Appreciating the Wine

She looked down at the food and wine, and suddenly felt sick. He had wanted to talk to her, that’s all he had said. Excited, she had gone grocery shopping, twirling through the room as though she was getting married. Well, that’s exactly what she was hoping was going to happen. She thought he wanted to finally – finally – ask her to marry him. She had gotten the wine ready, the red one he had always loved so much.

Now she sat opposite him, staring at the cheese, willing him to laugh at what he had just said. There was silence, then she looked up. “What?”

He watched her for a second, sipping his wine, then he replied. “We’re over.” He set the wine down. “I know you dream about marrying me,” he grinned lopsidedly, looping his hand around the wine glass again. “And I appreciate the wine, but I’m sick of you. I know,” he held up his hand to stop her from protesting, while his other slid beneath the table. “I know you would never let me go, so I brought you a little present.”

Grinning again, his hand reappeared with a gun in his hand. She turned white, her words stuck in her throat.

“You’ve never meant anything for me. Except for the money you so kindly gave me, and the wine of course.” He smiled widely. “Goodbye,” he whispered, then he pulled the trigger.

© 2016

Image from free photo stock pixabay.com

Trapped in a Tunnel

Though the tunnel appeared well-lit and recently built, he hated driving his car through it. It was something he had never grown accustomed to. The narrowness of the place had him on edge.

Turning up the radio, he tried to fill the space with music, but he could still feel the walls looming over and around him. He shuddered and concentrated on the end of the tunnel. Soon, it would be over. Soon, he would be out of here.

Beside him on the floor, his prisoner stirred. He kicked him hard, not taking his eyes off the road and got a groan as a response.

Shit, he thought, as he hit the brakes hard. The cars in front of him had all slowed down almost to a stop and from behind, he could hear the wailing of police sirens above his music.

His prisoner stirred again at the sound. This time he kicked him hard. When the cars stopped moving, he shoved the other behind his seat, just in time before a police officer rapped on his window.

He nodded and smiled politely, but then he saw the man’s hand move to his gun, just as a second police officer appeared at his other door.

© 2016

Image from free photo stock pixabay.com

Late

She hated this part of the path. The branches caved in above her head, as though pushing her down. She pulled her hood closer around her head, as the fog grew denser.

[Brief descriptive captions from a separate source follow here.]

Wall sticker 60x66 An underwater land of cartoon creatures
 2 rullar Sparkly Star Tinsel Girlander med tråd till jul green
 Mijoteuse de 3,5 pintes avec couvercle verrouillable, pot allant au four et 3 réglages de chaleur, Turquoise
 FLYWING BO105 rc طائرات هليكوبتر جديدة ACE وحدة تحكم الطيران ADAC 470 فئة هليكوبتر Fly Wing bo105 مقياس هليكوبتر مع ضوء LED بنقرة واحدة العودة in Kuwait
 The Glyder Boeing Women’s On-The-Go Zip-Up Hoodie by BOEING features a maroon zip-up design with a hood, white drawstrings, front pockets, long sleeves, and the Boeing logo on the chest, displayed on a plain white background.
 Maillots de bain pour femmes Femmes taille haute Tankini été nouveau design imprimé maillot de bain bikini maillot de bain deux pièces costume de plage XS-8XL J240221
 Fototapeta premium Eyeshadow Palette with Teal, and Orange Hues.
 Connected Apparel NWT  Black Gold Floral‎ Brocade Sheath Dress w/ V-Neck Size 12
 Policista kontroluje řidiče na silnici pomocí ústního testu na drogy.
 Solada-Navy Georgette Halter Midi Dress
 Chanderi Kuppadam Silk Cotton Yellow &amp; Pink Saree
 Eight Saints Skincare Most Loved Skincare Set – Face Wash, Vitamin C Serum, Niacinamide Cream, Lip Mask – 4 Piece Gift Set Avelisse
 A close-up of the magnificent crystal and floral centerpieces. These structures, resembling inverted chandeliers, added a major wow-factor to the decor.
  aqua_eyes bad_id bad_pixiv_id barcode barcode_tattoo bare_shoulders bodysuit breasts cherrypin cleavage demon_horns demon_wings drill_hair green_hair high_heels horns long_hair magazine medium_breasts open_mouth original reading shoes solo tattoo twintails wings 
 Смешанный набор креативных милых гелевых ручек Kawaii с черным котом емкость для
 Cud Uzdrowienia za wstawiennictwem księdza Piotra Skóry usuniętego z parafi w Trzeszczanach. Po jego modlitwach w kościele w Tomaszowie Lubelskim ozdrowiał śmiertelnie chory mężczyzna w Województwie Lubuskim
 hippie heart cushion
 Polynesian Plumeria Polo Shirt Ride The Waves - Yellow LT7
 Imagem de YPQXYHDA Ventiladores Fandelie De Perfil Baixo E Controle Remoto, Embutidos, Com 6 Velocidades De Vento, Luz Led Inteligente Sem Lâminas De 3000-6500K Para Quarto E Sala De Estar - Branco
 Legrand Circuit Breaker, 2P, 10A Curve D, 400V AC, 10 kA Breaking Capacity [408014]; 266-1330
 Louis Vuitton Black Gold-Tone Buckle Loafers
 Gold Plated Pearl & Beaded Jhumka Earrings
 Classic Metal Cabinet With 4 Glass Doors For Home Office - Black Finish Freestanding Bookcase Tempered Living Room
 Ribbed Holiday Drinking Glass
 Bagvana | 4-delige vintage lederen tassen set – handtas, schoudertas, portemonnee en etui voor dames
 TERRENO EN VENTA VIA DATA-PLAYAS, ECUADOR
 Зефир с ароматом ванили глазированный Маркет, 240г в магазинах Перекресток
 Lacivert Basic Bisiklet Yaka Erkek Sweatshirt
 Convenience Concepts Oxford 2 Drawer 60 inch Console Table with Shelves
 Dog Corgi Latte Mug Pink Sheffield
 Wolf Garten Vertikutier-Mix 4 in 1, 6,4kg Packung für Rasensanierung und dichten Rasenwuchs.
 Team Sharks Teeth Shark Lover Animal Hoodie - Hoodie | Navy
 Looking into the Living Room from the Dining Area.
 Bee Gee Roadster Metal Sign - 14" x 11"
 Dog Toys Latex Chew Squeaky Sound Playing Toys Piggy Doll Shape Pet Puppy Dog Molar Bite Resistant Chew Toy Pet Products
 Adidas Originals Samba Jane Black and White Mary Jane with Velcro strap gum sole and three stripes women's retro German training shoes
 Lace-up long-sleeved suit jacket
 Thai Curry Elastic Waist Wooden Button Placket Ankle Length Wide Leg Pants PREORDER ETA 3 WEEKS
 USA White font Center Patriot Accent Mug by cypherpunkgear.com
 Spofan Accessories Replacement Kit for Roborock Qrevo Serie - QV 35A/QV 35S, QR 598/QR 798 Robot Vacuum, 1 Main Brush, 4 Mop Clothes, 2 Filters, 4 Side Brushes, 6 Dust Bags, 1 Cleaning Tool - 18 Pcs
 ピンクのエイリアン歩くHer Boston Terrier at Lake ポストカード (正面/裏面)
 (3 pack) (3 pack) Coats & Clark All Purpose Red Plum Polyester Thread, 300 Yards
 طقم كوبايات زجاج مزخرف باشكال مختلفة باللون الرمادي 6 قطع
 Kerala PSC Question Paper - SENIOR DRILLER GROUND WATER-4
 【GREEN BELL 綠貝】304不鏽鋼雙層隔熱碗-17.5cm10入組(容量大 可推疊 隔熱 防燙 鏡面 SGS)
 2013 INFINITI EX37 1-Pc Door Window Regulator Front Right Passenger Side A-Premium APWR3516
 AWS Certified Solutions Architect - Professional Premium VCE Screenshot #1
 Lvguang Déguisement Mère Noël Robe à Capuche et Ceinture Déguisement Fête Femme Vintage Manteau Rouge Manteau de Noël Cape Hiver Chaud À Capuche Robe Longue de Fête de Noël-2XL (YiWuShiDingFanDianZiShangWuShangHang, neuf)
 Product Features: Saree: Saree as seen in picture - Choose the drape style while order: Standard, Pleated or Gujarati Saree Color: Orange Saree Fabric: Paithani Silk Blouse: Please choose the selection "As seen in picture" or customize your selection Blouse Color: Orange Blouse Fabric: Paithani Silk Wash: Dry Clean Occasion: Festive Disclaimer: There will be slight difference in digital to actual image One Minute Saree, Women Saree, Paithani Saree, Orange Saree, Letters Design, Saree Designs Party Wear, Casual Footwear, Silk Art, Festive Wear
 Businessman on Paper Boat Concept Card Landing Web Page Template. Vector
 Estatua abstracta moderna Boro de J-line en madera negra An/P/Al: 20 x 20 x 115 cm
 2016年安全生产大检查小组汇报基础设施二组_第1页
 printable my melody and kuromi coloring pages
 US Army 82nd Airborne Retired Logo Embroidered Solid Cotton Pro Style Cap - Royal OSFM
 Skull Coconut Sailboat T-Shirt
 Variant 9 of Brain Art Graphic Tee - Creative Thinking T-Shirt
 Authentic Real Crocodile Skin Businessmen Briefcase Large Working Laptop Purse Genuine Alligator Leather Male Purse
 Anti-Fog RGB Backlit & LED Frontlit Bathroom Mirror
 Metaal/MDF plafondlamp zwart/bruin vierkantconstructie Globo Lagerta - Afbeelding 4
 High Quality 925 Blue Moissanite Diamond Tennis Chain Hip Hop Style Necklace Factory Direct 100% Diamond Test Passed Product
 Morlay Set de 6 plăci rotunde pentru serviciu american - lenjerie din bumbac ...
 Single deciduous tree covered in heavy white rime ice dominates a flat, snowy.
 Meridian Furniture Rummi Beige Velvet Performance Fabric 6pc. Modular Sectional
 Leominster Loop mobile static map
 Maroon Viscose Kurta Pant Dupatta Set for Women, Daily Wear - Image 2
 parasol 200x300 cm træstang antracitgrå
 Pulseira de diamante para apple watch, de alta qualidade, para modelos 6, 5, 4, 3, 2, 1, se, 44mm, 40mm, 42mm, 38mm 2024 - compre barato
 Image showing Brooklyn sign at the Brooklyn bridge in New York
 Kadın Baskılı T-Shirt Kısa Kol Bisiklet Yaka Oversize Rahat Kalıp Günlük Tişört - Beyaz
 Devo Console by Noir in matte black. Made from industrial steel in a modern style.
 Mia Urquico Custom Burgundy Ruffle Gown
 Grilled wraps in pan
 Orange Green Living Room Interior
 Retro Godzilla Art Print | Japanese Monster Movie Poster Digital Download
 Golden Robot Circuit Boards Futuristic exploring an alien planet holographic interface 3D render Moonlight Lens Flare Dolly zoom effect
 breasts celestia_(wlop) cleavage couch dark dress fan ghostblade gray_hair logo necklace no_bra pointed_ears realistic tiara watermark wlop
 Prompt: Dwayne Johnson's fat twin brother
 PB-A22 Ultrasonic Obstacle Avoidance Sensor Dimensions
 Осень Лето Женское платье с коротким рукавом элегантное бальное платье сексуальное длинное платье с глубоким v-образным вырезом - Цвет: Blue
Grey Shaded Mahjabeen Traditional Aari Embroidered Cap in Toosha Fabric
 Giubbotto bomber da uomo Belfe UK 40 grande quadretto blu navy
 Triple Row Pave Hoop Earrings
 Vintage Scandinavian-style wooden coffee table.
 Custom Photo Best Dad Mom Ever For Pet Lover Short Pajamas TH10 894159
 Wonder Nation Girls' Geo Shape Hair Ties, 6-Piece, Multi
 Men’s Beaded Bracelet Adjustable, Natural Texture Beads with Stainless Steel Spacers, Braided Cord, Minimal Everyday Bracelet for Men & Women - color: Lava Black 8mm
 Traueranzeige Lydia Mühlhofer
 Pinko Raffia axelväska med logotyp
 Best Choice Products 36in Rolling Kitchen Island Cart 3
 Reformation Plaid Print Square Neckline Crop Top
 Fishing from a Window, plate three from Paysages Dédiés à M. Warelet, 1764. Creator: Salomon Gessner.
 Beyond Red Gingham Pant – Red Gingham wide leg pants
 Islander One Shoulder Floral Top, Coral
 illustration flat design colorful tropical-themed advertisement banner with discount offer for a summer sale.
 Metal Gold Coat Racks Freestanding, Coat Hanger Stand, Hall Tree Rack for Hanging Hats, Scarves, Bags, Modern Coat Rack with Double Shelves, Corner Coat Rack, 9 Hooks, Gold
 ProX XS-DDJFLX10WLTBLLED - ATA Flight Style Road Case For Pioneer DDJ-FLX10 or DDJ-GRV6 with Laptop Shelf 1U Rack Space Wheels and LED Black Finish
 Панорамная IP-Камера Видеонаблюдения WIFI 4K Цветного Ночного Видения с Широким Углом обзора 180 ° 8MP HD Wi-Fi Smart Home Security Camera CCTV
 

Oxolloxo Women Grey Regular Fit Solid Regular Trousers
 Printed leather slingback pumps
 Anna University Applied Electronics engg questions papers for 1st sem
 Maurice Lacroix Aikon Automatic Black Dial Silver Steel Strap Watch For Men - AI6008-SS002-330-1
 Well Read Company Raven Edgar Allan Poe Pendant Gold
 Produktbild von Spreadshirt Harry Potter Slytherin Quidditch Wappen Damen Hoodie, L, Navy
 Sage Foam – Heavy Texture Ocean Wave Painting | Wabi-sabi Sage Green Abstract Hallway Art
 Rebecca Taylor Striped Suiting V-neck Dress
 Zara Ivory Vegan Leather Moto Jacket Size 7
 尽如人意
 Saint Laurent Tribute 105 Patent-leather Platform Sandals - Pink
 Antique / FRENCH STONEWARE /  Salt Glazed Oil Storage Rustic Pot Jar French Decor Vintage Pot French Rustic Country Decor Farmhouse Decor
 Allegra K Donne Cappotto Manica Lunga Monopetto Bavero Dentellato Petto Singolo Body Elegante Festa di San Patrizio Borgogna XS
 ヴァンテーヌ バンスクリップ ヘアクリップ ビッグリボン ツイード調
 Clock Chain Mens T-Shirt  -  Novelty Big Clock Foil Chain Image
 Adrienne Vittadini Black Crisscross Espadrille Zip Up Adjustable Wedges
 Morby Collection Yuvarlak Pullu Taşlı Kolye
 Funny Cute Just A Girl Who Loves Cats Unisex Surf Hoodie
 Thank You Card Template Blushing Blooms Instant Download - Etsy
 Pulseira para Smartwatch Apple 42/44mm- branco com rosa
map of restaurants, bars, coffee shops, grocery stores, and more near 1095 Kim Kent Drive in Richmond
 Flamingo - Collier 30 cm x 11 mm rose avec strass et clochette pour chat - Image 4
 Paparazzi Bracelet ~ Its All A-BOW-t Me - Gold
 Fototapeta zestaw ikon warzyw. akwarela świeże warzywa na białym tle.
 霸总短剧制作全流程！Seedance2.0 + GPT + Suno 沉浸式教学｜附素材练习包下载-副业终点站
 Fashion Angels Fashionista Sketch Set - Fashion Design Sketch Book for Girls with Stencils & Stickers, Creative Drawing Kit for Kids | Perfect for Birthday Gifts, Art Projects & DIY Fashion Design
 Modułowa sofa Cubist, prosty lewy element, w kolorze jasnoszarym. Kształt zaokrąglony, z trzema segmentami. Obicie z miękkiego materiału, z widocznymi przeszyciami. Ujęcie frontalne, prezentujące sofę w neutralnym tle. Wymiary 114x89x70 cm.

She cursed herself inside. She should never have decided to take the walk through the forest. Should have taken the path along the road, illuminated by the street lights. But of course she was late again. Late and too lazy to take the safer path. She hurried faster, knowing that her dad would be annoyed that she was late yet again.

A sudden strange noise made her look sharply to the right. Were those eyes staring at her through the fog? She couldn’t tell.

She picked up her pace.

Seconds later, she was grabbed from behind, a large hand covering her mouth to stop her strangled scream from reaching her lips. She heard a soft laugh, then she lost consciousness.